Nos creíamos que el dinero, o sea el parné, la pasta, guita, costilla o morusa, vaya, lo que se dice el money money “cantante” y sonante de la famosa canción movía el mundo y hasta las caderas de las sílfides, y ahora va resultar que nones. Que por muy poderoso que sea don dinero, por más que venga a morir en España (y, actualizando la letrilla, sea en Ginebra enterrado), por más que rebote como una pelota desde Moscú a Marbella y desde Atenas a Edimburgo, lo que de verdad hacer girar el planeta es el carcaj de un angelote cegato.
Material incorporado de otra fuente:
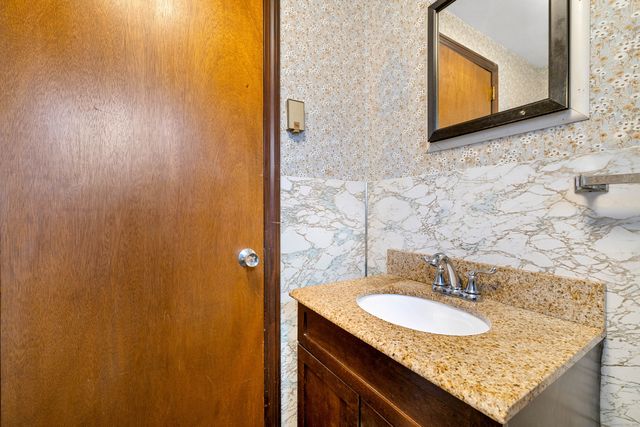 6 Fulmore Drive, Waterford, CT 06385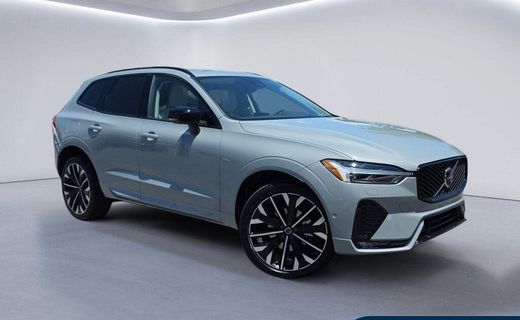2026 Volvo XC60 Ultra Dark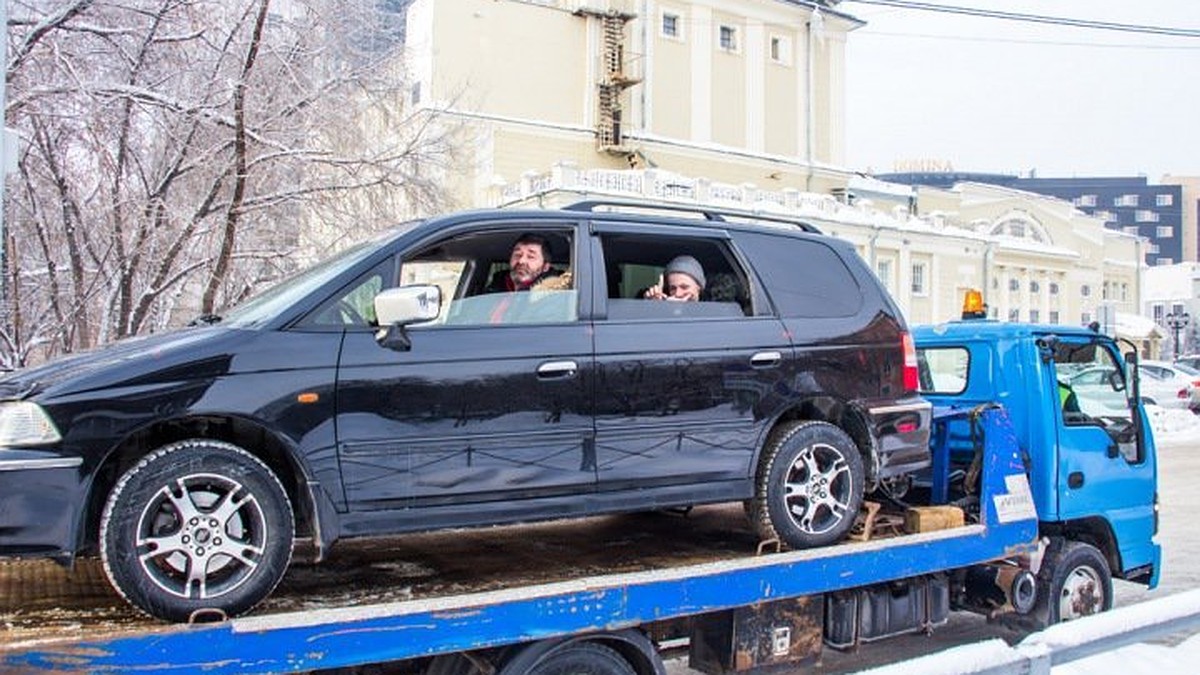 В Новосибирске писатель-фантаст запрыгнул на ходу в эвакуатор, чтобы  отстоять свою «Хонду» - KP.RU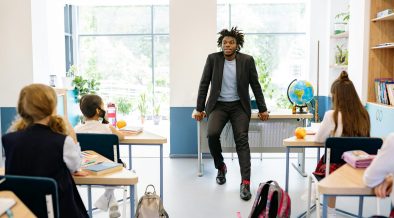 dlaczego-dzieci-ucza-sie-skuteczniej-w-ruchu-co-mowia-badania-i-obserwacje-nauczycieli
A Europa la raptó Júpiter con dos astas en la frente (y un más reciente «hasta aquí hemos llegado») para llevársela a los huertos de Creta, que no a la Bolsa de Londres. El Dios más disipado de la mitología se disfrazaba de cualquier cosa, lo mismo de lluvia de oro que de cisne, para aparearse con las hembras de su capricho, ya fueran diosas, semidiosas o mortales, sin importarle las divinas broncas con las que luego Juno, su despechada y vengativa esposa, pudiera abrumarle. Pero con Europa echó el resto, porque a ese toro blanco – ni hecho a propósito – lo dejó convertido en un corro de estrellas.
Según las más frescas y recientes estadísticas, la primera causa por la que los europeos trasladan su residencia a un Estado miembro distinto del de su nacionalidad no es la ambición económica, ni la promoción profesional, ni la curiosidad, ni la investigación, ni el clima, ni los precios, ni el interés por las lenguas, ni el floklore, ni el aprendizaje, sino «l’amour». A ése no hay quien le restrinja los fluidos. Ése sí que no entiende de fronteras. Después de sospecharlo tantas veces, al final va a ser cierto que el amor es el único viaje.